Ok, so one of my brothers has moved into specializing with spray foam, for insulation (see www.air-titesprayfoam.com – nice Flash site, eh?!). He had a booth at the local Home Show this past weekend. Spray foam, as opposed to cellulose or fiberglass is a far superior alternative for insulation. For example, a big part of heat loss comes from air movement. So even if you have R-19 fiberglass, if you have a 1/2” of space on either side, that dramatically undermines the effectiveness of the insulation. That’s just one significant difference/benefit of foam.
Point is, we were talking about showcasing, in a more interactive way, just how significant this leap in technology is. It comes down to a few things it would be cool to “measure”. For example: temperature, humidity, and air loss. Wouldn’t it be cool if you could create a wall mock-up that had fiberglass, cellulose, and sprayfoam. Then, imagine you could control the temperature and humidity on each side.

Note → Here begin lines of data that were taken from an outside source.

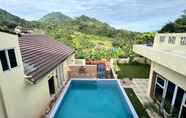 Swimming Pool 6 Villa Boca Sentul Bogor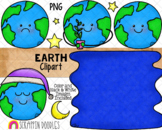 Earth ClipArt - Commercial Use Earth Day Clip Art - EarthD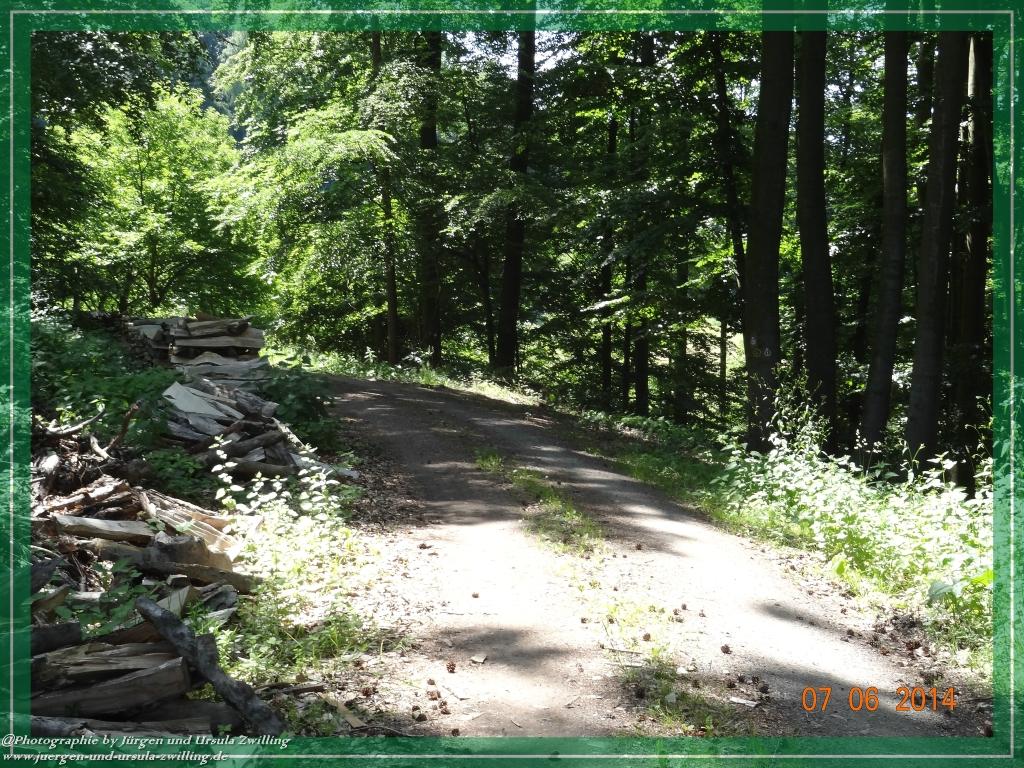 Philosophische Bildwanderung Gersprenztal-Runde - Panoramatour bei Reichelsheim - Odenwald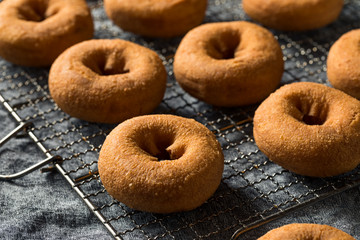 Homemade Sweet Cake Donuts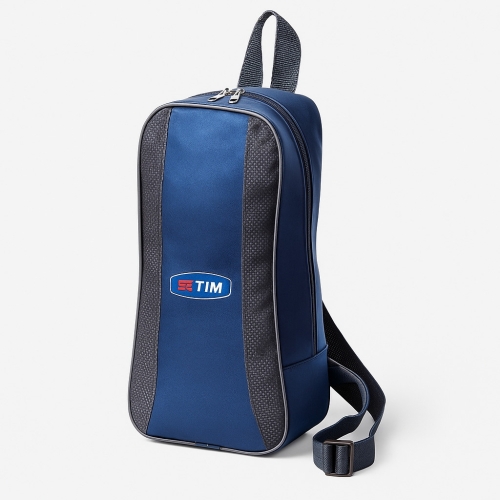 Porta-Chuteira Personalizado em Nylon com Tela – Compacto e Resistente-PC052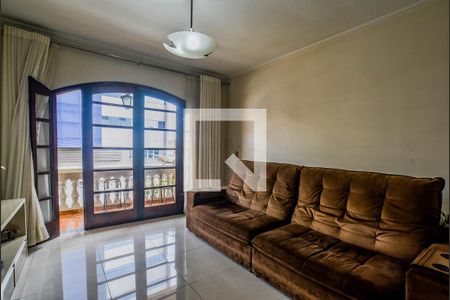 Sala de apartamento à venda com 3 quartos, 119m² em Vila Bastos, Santo André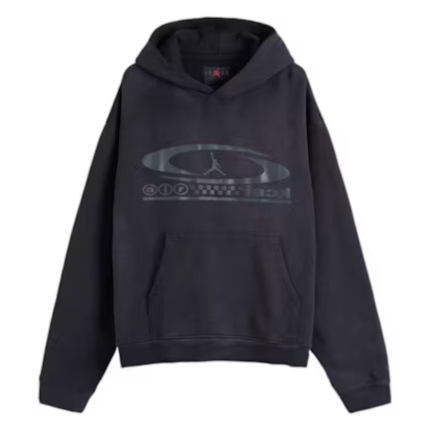 Jordan x Travis Scott Pullover Hoodie - Black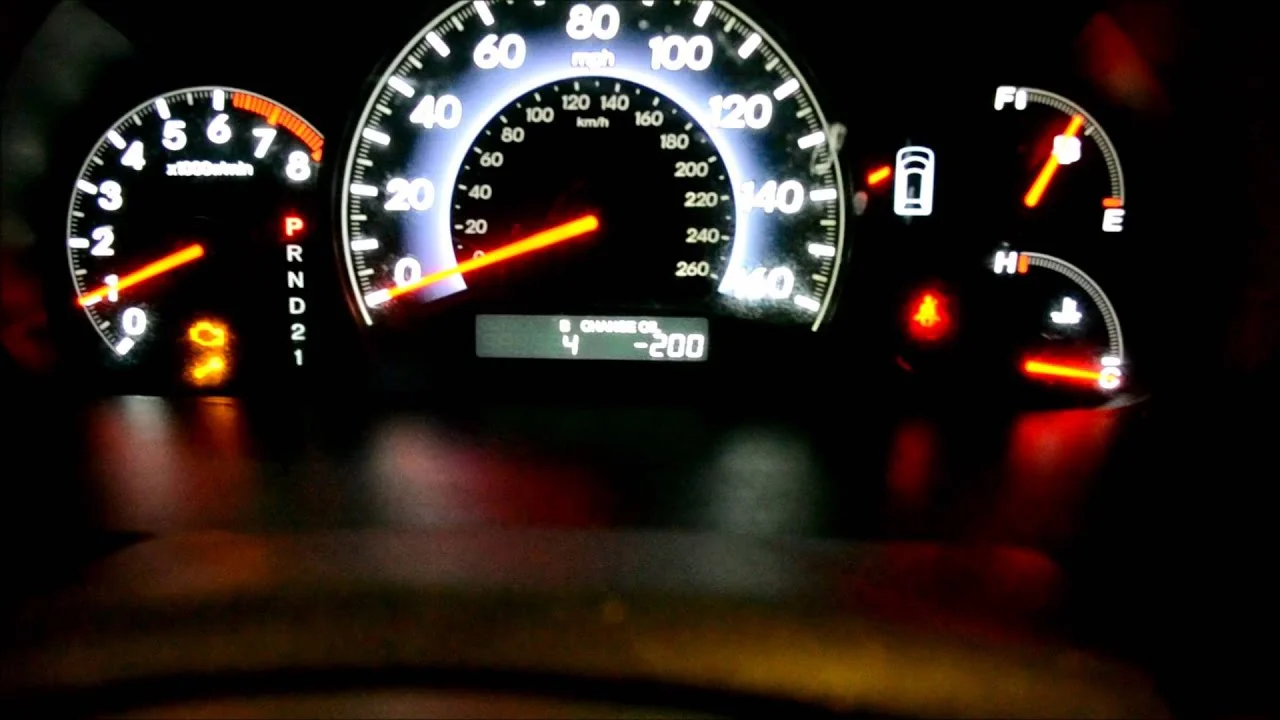 Check Engine Light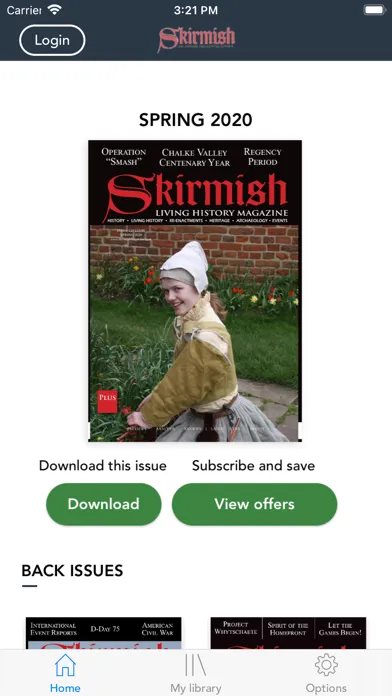 Skirmish Mag スクリーンショット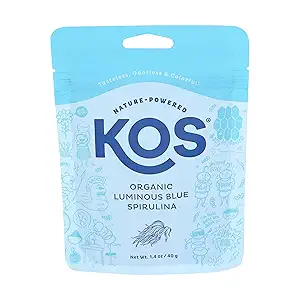 Organic Luminous Blue Spirulina - 27 Servings, 1 each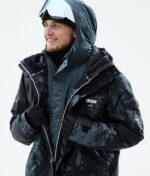 Dope изолирано междинно яке 4PZP148 метално синьо мъже - Image 8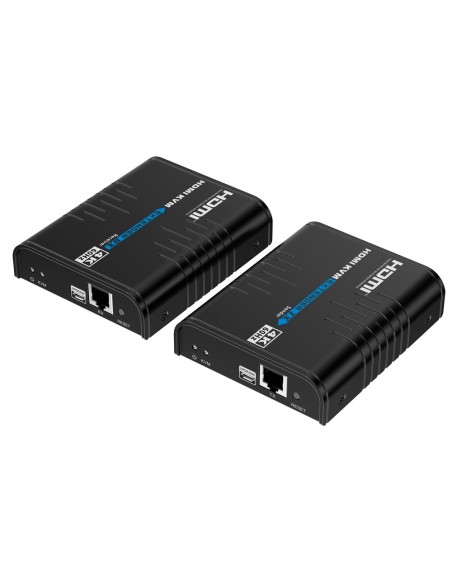 Comprar LENKENG HDMI-EXT-PRO-4K60-KVM Extensor KVM de señal HDMI - Alcance 120 m - Resolución 4K - Permite conexiones 1:M HDMI-E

You could then gather metrics about how performant each material is.
A typical booth is 10’ x 10’ x 10’ at a home show. So, you could have a big self-contained “box” that has this mock-up, and perhaps has a touch flat-panel on the front, to show you the real-time numbers, gathered from sensors. Cool, right!?

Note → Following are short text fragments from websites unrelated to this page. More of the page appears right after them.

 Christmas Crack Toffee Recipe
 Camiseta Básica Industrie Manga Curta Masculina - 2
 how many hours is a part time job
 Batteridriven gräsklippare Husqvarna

Well, I was brainstorming this idea and this is what my first thoughts are (excuse the crudeness):
My thinking was to use (or use parts of) a space heater for heat. For cold, I think a small igloo cooler with dry ice, would do the trick (no water mess with regular ice or air conditioners). You put some HVAC duct work and some fans to control air flow, and that should get us in the ballpark. Dry Ice is –70 degrees by the way, so in theory, you could simulate a cold winter.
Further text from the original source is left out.